The words "without prejudice" permit a refiling; the words "with prejudice" prohibit refiling. Generally speaking, a dismissal with prejudice is ordered in cases where the dismissal is based on an appraisal of the legal sufficiency of the claim. It touches the substantive merits of the case. A dismissal without prejudice, on the other hand, is more likely to be ordered in cases where the dismissal is based on some procedural glitch or lapse in the necessary formalities, something that does not engage the merits of res judicata and that can be readily rectified on the next try.Mohiuddin v. Drs. Billing & Mgmt. Sols. Inc., 196 Md.App. 439, 452 (2010). In its oral ruling, the court stated that it was "not commenting at all about the merits of [appellant's] claims." Nevertheless, when the court issued its order, it dismissed appellant's complaint with prejudice. Because the court expressly disavowed "commenting at all about the merits of [appellant's] claims," it is clear that the court did not base its dismissal on the legal sufficiency of appellant's claims; indeed, the court expressly stated that dismissal was required by the arbitration provisions of § 53-219. Accordingly, we hold that the court improperly dismissed appellant's complaint with prejudice.
CONCLUSION
As to the claims against Regency, although a dismissal without prejudice or a stay in favor of arbitration would have been appropriate, we cannot countenance the court's "with prejudice" dismissal. Similarly, the court improperly dismissed with prejudice appellant's claim against Ms. Ketterman individually; as noted above, we shall remand that count to the court to consider whether appellant has stated a viable claim against her in Count V of his complaint. For the reasons stated, we shall vacate the court's "with prejudice" dismissal and remand the case for further proceedings consistent with this opinion.

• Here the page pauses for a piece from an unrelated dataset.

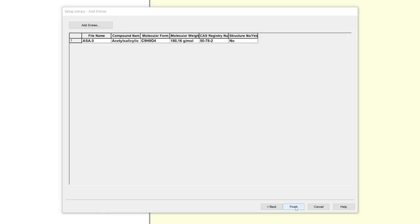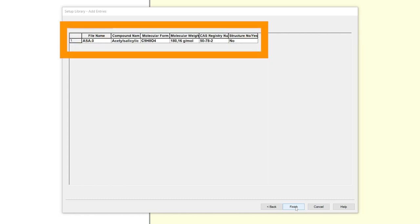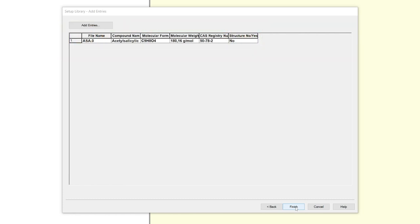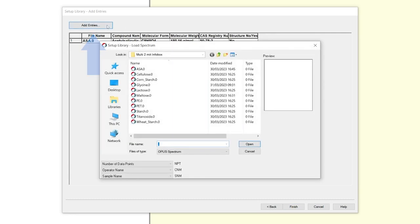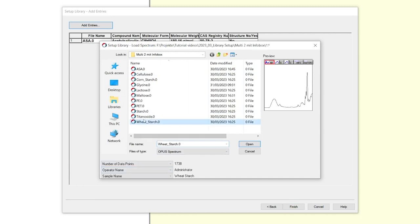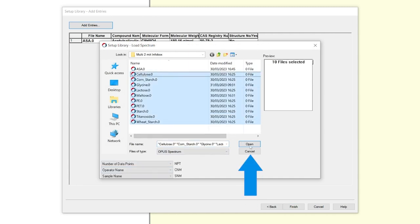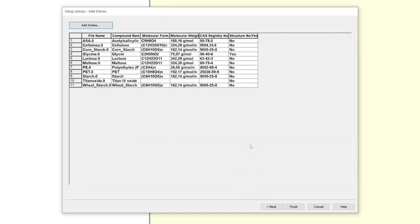In this step you add your entries for your library. If you selected your spectral ranges with a master spectrum, this is already shown in the table. Otherwise it's empty. Click add entries, select your spectra you want to add to your library, and press open. You can delete an imported spectrum by selecting the corresponding number with a left click and pressing delete.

We summarily reject appellant's assertion that the court is required to supervise or otherwise arrange for arbitration. Appellant has not cited any authority for this proposition, and we are not aware of any supporting authority.
JUDGMENT OF THE CIRCUIT COURT FOR MONTGOMERY COUNTY REVERSED. CIRCUIT COURT'S DISMISSAL WITH PREJUDICE VACATED AS TO BOTH REGENCY AND KETTERMAN. CASE REMANDED TO CIRCUIT COURT FOR MONTGOMERY COUNTY FOR FURTHER PROCEEDINGS CONSISTENT WITH THIS OPINION. COSTS TO BE PAID BY APPELLEES.
[*] This is an unreported opinion, and it may not be cited in any paper, brief, motion, or other document filed in this Court or any other Maryland Court as either precedent within the rule of stare decisis or as persuasive authority. Md. Rule 1-104.